[PROMPT] Return, word for word, only the lines of the data below that lie between the line with "pendant luminaire BERONI 40 E27 IP20, black" and the line with "HILTI TE 6-C", those two lines included.

[SOURCE MATERIAL]

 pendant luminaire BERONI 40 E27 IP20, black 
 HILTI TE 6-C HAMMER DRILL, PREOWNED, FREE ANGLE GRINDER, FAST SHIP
* * *
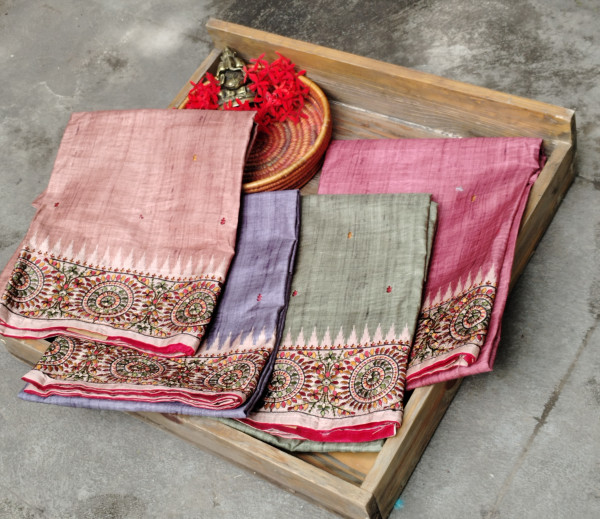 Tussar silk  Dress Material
==
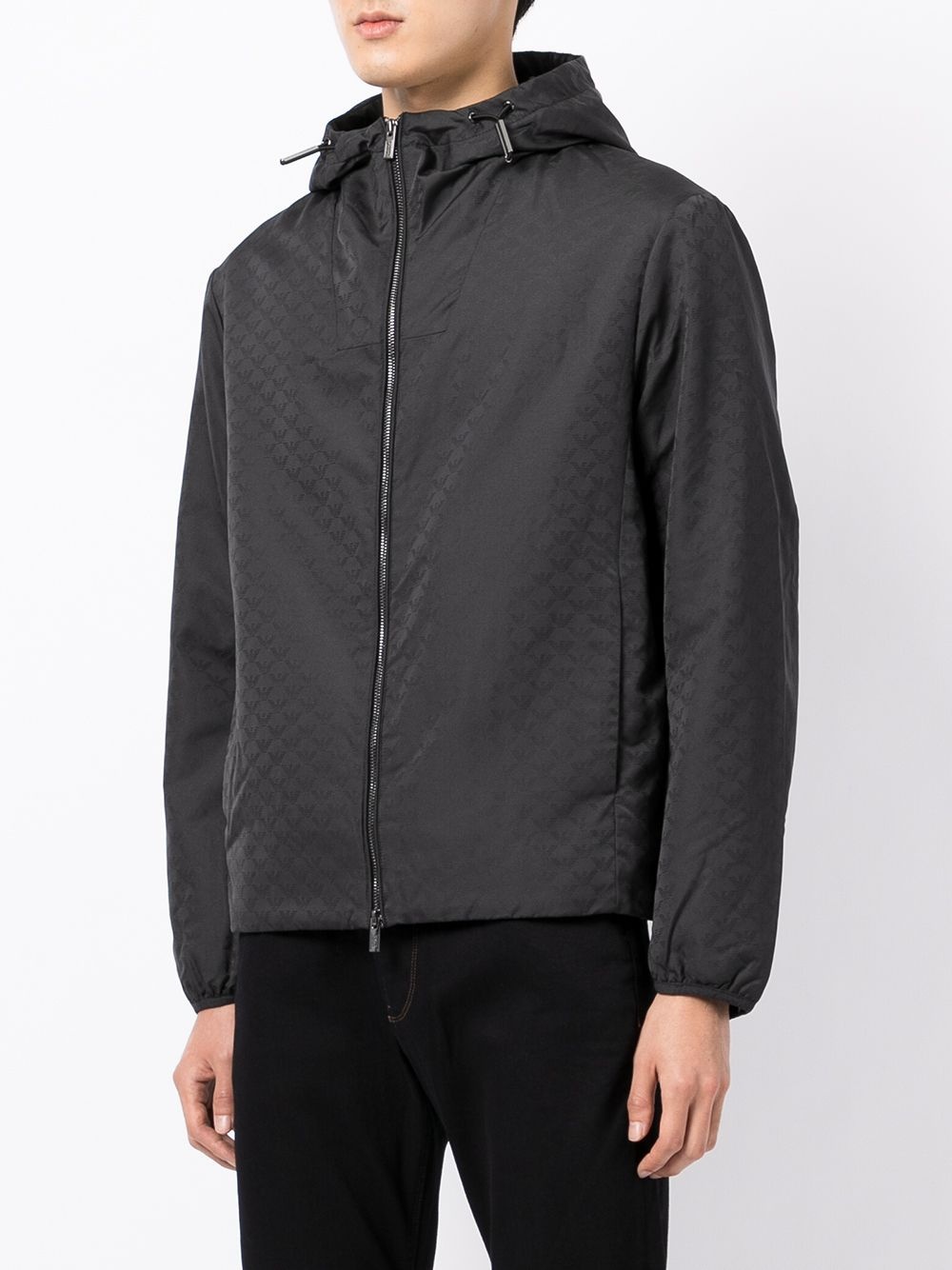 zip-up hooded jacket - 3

[TASK ANSWER]
 pendant luminaire BERONI 40 E27 IP20, black 
 HILTI TE 6-C HAMMER DRILL, PREOWNED, FREE ANGLE GRINDER, FAST SHIP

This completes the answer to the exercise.